COMPREHENSION QUESTIONS:

  1. What is the first thing investors look at to gauge a company’s profitability?

  2. What do profit margin ratios measure?

  3. What are the three key profit margin ratios?

  4. How is gross margin calculated?

  5. What does operating profit margin show?

  6. What do we call a situation when revenues match costs?

VOCABULARY PRACTICE

Gross margin is a good indication of how profitable a company is at the most fundamental level. Companies with higher gross margins will have more money left over to spend on other business operations, such as research and development or marketing.

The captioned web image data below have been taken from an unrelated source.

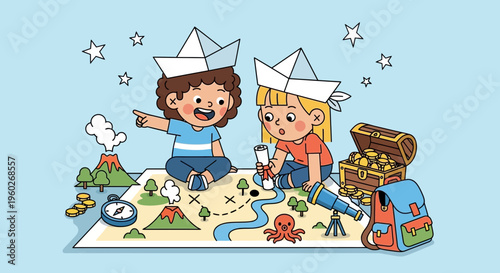 Excited Children Discover Treasure Map With Nautical Tools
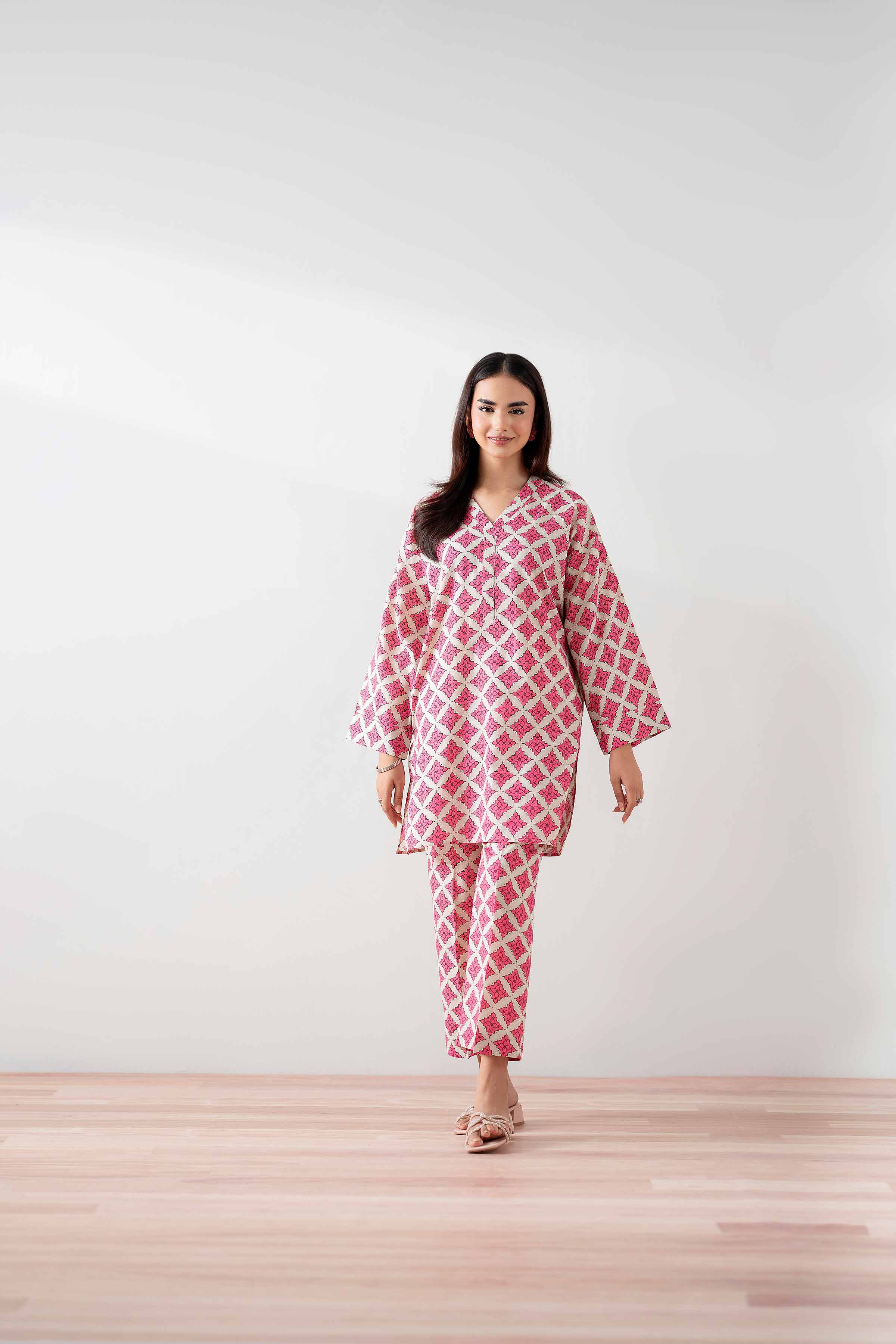 NishatUK - White & Pink Printed Cambric 2-piece ready to wear Dress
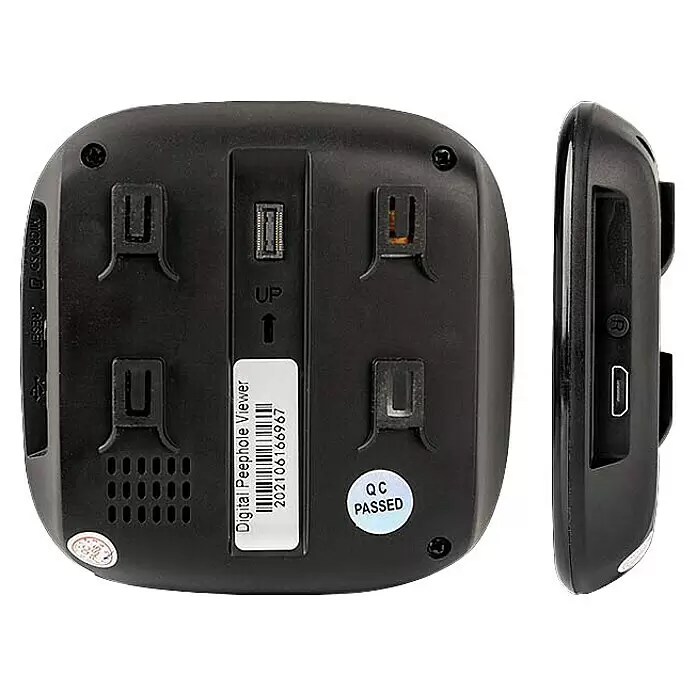 AYR Mirilla digital 9001 - Negro, Grosor de la puerta: 35 mm - 120 mm - Mirilla digital negra, mostrando su parte trasera con ganchos de montaje, ranura micro-SD, botón de reinicio y una vista lateral con puerto micro-USB.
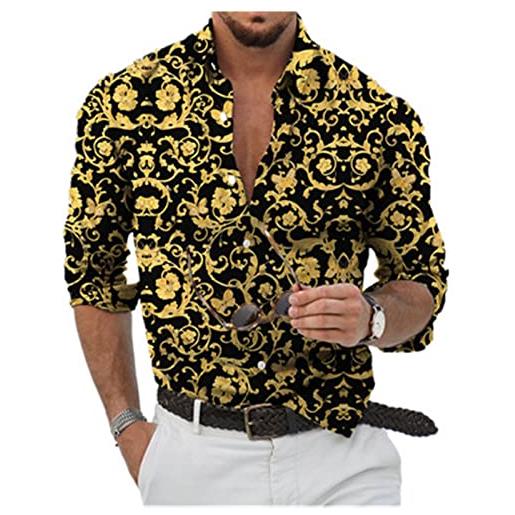 ADITIRCP camicia barocca di lusso casual da uomo camicie a maniche lunghe stampate con catena di tendenza camicetta con risvolto abbottonato slim fit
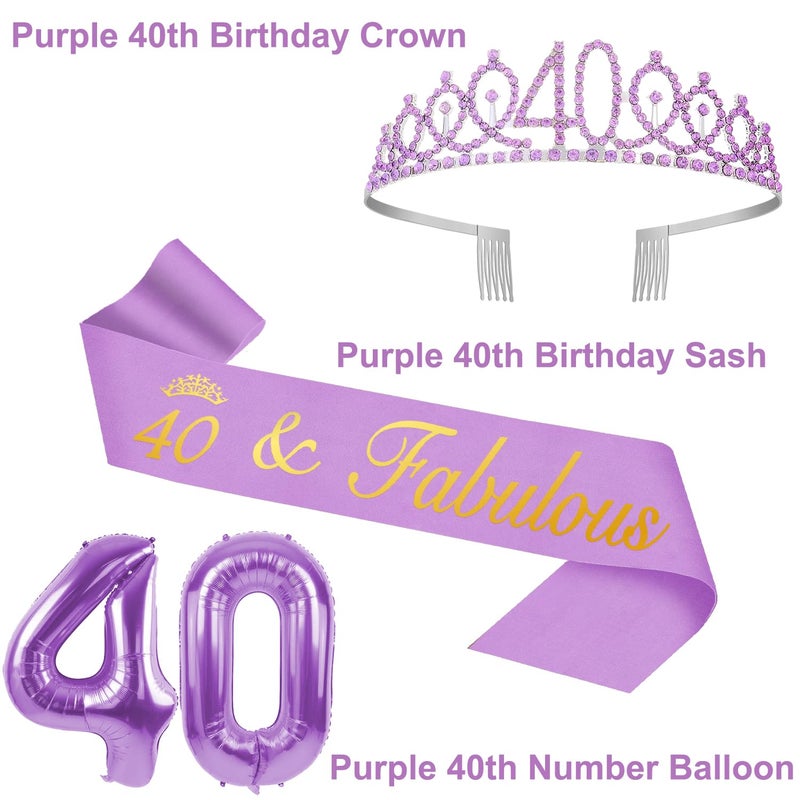YeohJoy 40th Birthday Decorations for Women Purple with 40th Birthday Sash and Crown, Cake Topper and Candles, Number Balloons, 40 Year Old Gifts for Women - Image 3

Profit margin is very useful when comparing companies in similar industries. A higher profit margin indicates a more profitable company that has better control over its costs compared to the competitors in the industry. Profit margin is displayed as a percentage; a 20% profit margin, for example, which means that the company has a net income of $0.20 for each dollar of sales.

Despite higher unit sales, revenues from IBM’s PC business fell too, thanks to a fierce price war.

The company’s annual sales turnover is around $300 million.

He expects his division to break even in the coming year

With the British, Italian and Spanish aerospace companies keeping the costs down, and with 450 aircraft shared between the three partner air forces, the cost per aircraft could still come out at $21 million. Financial break-even point for the project is 400 aircraft.

All three divisions within the group increased their contribution to profits, including the main packaging business, still responsible for about 70 per cent of the whole.